How does a kid from the streets of Detroit end up becoming a world-renowned neurosurgeon? Education? Opportunity? In his autobiography, Gifted Hands, Ben Carson points to something else, recounting, “my mother…was the earliest, strongest, and most impacting force in my life.” Armed with only a third-grade education and her faith in God, this single mom single-handedly inspired, encouraged, and challenged her sons. Her dedication yielded amazing results: Ben Carson became a renowned neurosurgeon and his brother Curtis, an aeronautical engineer.
As parents and teachers, we can learn a lot from Sonya Carson. She wasn’t a theologian, yet she inspired her children with faith. She didn’t have means, yet she encouraged her children with affirmation. She wasn’t a scholar, yet she challenged her children to learn. As the apostle Paul writes in I Corinthians 3:4-5, “Such is the confidence that we have through Christ toward God. Not that we are sufficient in ourselves to claim anything as coming from us, but our sufficiency is from God.”

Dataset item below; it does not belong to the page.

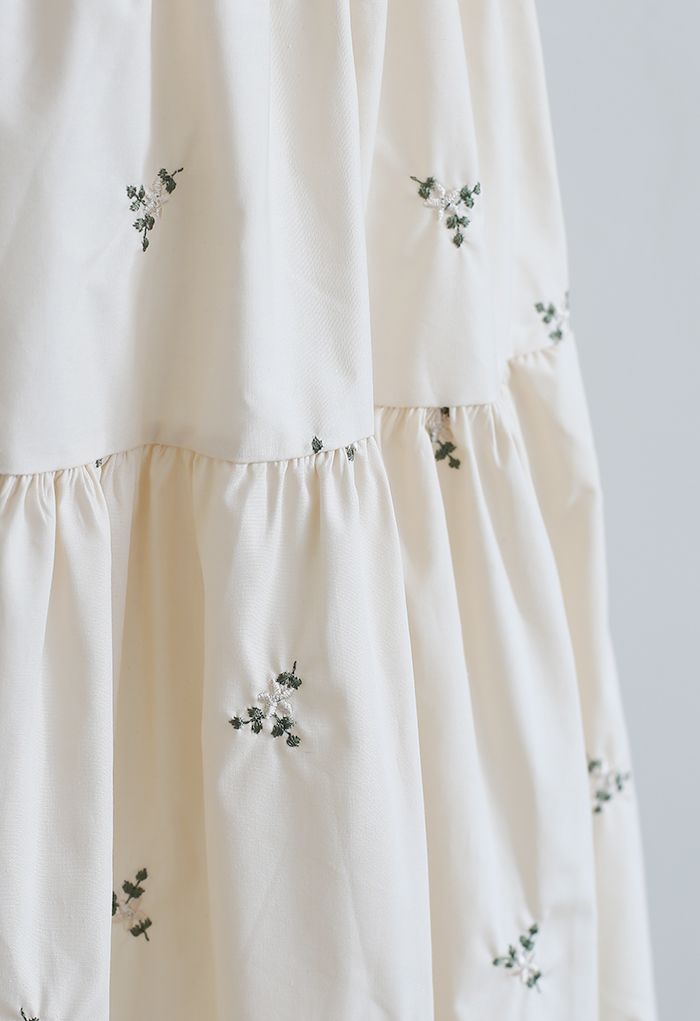 Floret Embroidered Frilling Mini Skirt in Cream
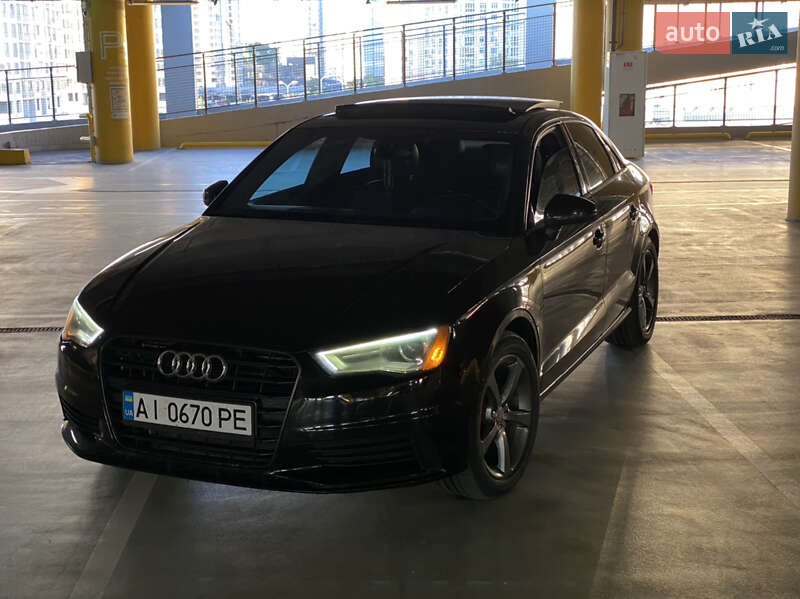 Седан Audi A3 2015 в Киеве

This season let’s view speech and debate, not as an activity to be accomplished, but as a relationship to be built. Let’s model faith, speak life, invest time, and invite conversation. Let’s recognize that God has a plan and a purpose for each one of our children, and let’s join Him in what He is doing!
Practical ways to build relationship with your child through speech and debate:
- Learn with them. (Attend the Online Summit and Online Intensive or other teaching opportunities. Ask great questions to invite conversation.)
- Help them set goals and milestones. (What do they hope to gain this year? Confidence? Skills? Friendships?)
- Read the rules and ballots together. (Both provide great ideas for writing and delivering speeches.)
- Check in at least once a week. (What is going well? What barriers have kept them from reaching their goals? How can you help them to overcome these barriers?)
- Set limits. (Remember, more is not always better. Sometimes it’s just more. We often have to help our children to say no to “the good” so they can say yes to “the best.”)
- Get involved in a local club. (Community and accountability help us to stay the course.)
- Celebrate progress, not just medals. (Help your children learn to celebrate THEIR successes: reaching milestones, trying new things, persevering.)